Government contracted Alun Jones, QC out of the UK to represent the prosecution, who was the respondent in the July hearing, while former Director of Public Prosecutions, Terrence Williams, who was contracted for the hearing in the Magistrate's Court, was also on the prosecution team along with the Attorney General, Dr. Christopher Malcolm and Senior Crown Counsel in the DPP's Office, Valston Graham.
Three of the defendants hired UK attorneys. Lord Kenneth Macdonald, QC was Skelton's lead counsel; Harrigan's lead counsel was Edward Fitzgerald, QC along with his initial lawyer, Patrick Thompson; and Julian Knowles, QC for Hodge. Beazer's lawyer remained the same Mr. Richard Rowe and Valdez - Attorney at Law Stephen Daniels.
It is alleged that the five men were parties to a conspiracy to import cocaine from South America into the Virgin Islands for onward shipment to Puerto Rico, the United States Virgin Islands and the United States mainland. Bob Hodge made arrangements with several persons, including Roberto Mendez-Hurtado, a Colombian drug lord.
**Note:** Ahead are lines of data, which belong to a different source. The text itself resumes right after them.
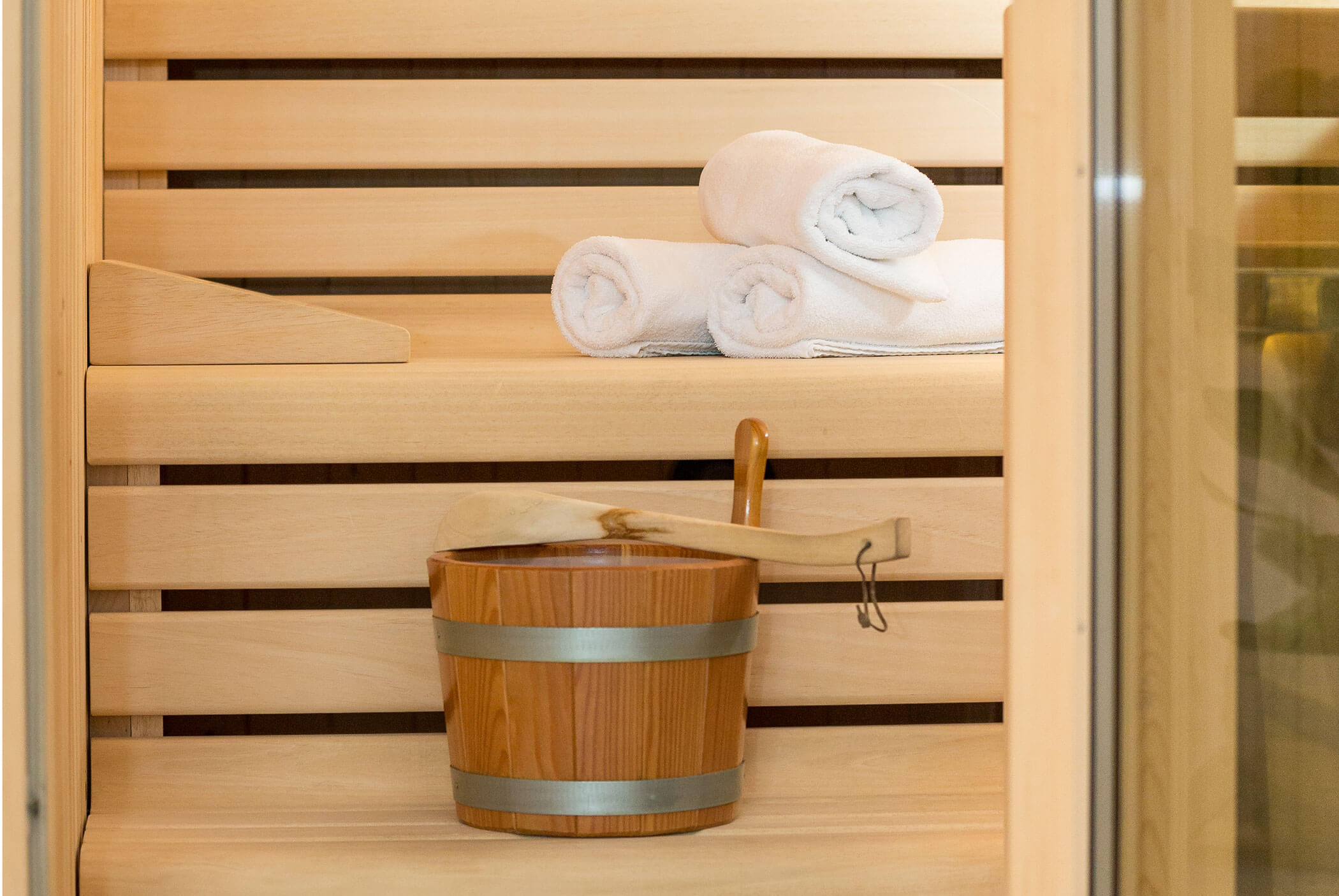 Wooden sauna with a bucket, ladle, and three rolled white towels on the upper bench. - Residence Aichner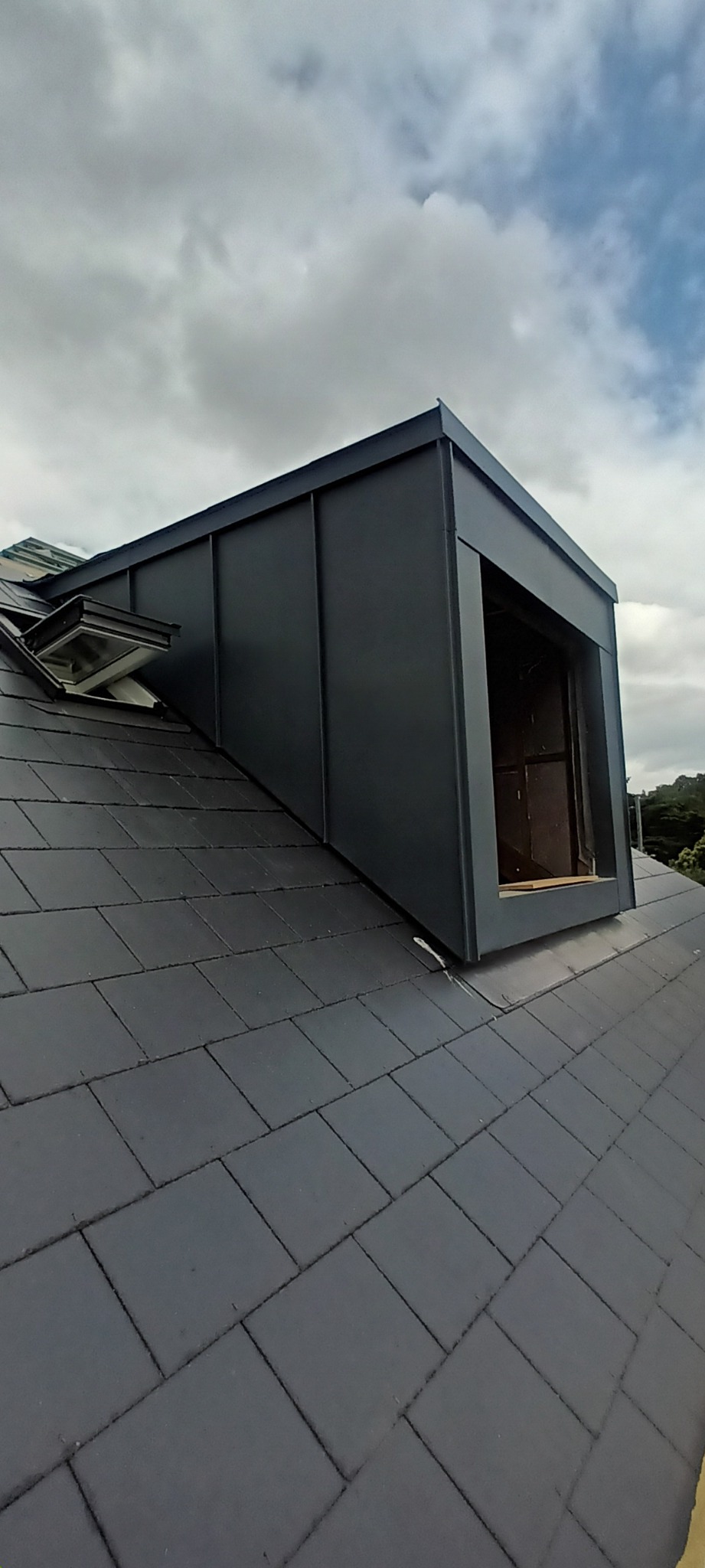 Nowa, grafitowa lukarna z metalowym obiciem na dachu pokrytym ciemną dachówką, widok z dołu na pochmurne niebo.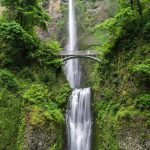 gray concrete bridge and waterfalls during daytime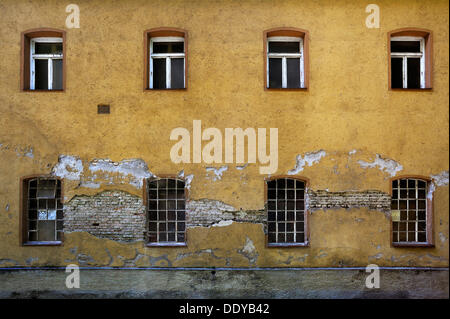 Facade on the Auer Muehlbach stream in need of renovation, Munich, Bavaria Stock Photo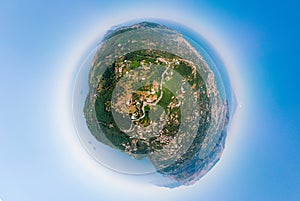 Little planet aerial view of Sorrento coast, Italy. Streets of city with hotels and restaurants are located on rocky seashore,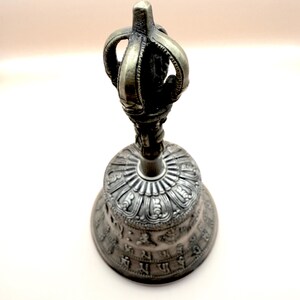 May include: A silver bell with intricate carvings and a decorative handle. The bell has a crown-like top and is adorned with ornate designs.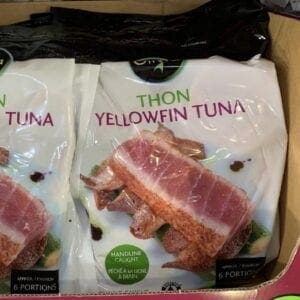 A box of tuna with bacon on it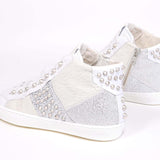 Three quarter back view of mid top sneaker. Patchwork upper of mixed materials and silver studs.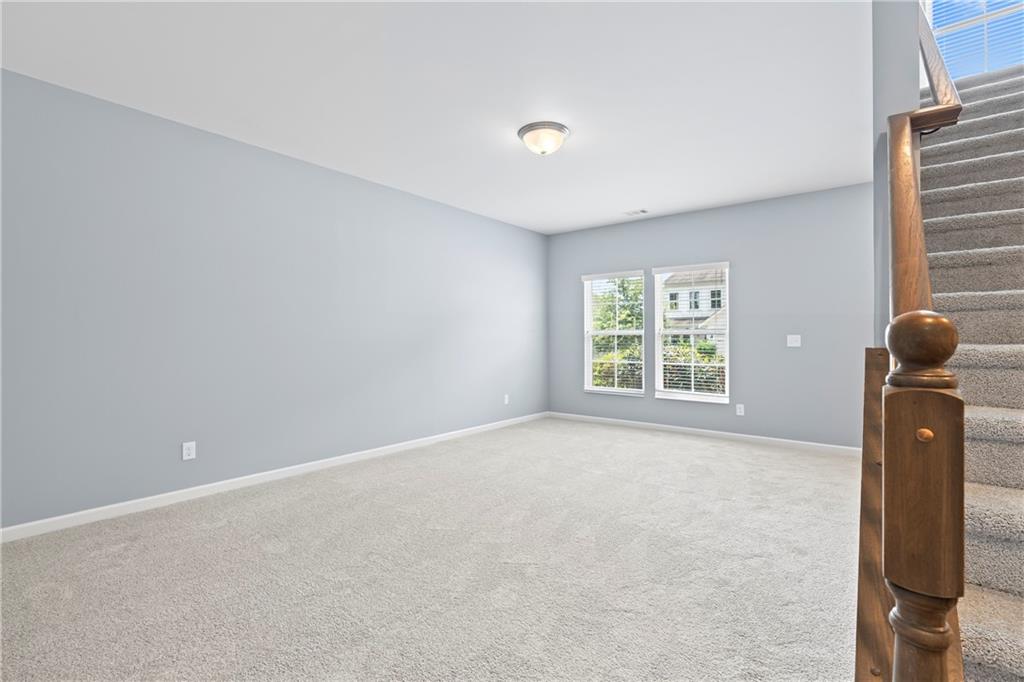 71 Moonrise Crossing Dallas, GA 30132 - Photo 17 of 64 a view of an empty room with a window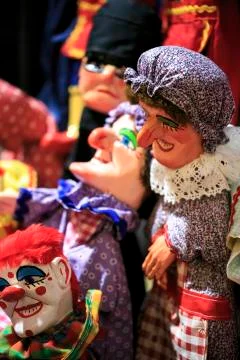 Group of thread marionettes in a theater Stock Photos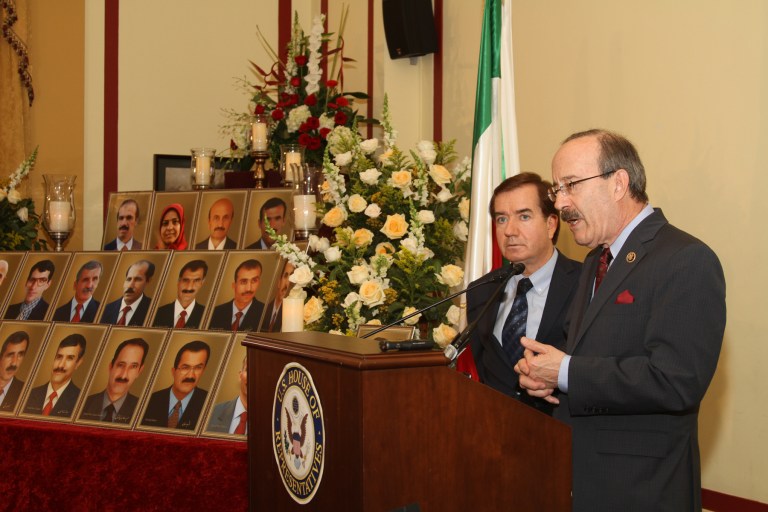 Foreign Affairs Chairman Ed Royce, R-Calif., left, and Foreign Affairs ranking member Eliot Engel, D-N.Y., stand next to a display of portraits of the victims of the Oct. 29 Camp Liberty attack. (Lynn Dykstra, Focused Images)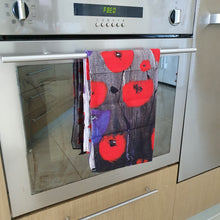 Load image into Gallery viewer,  Partial image from an original artwork of a field of red and purple poppies on a cotton tea towel
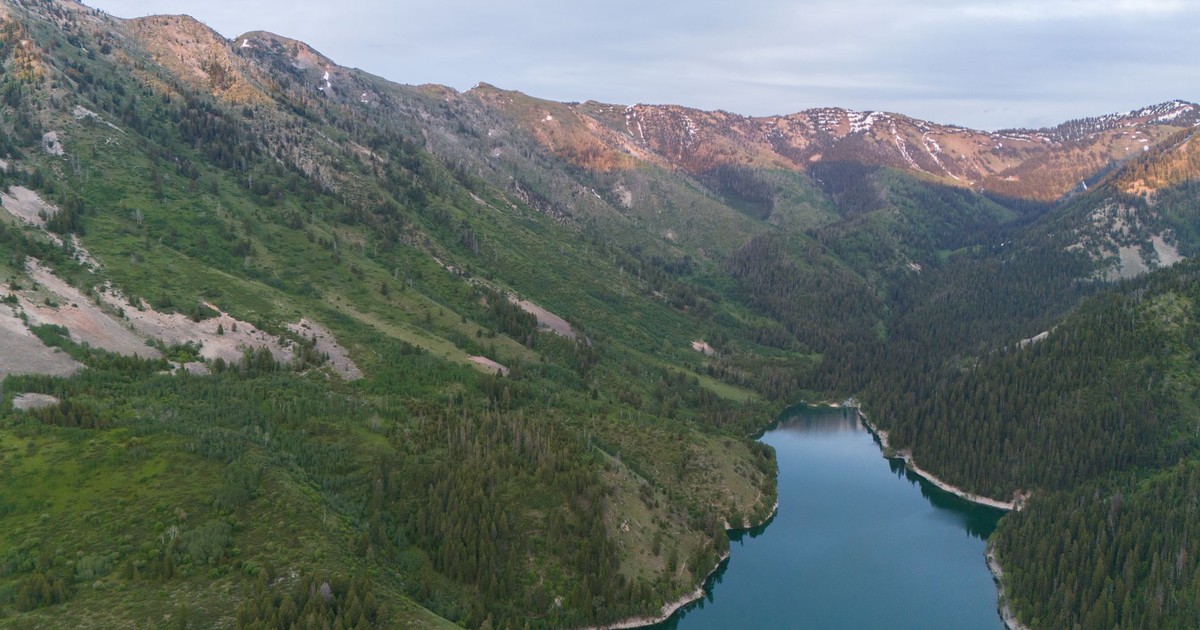 Experience the breathtaking beauty of Irwin, Idaho with its lush green valleys and serene river pathways.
According to the US, the agreement was to unlawfully import cocaine by way of airdrops at night in the Territorial waters of the Virgin Islands. Those arrangements allegedly began sometime in 1998 until September 29, 2010. It is further alleged that payments for each shipment were made to Bob Hodge, initially in the amount of 10 percent per worth of each load and later to 15 percent per load.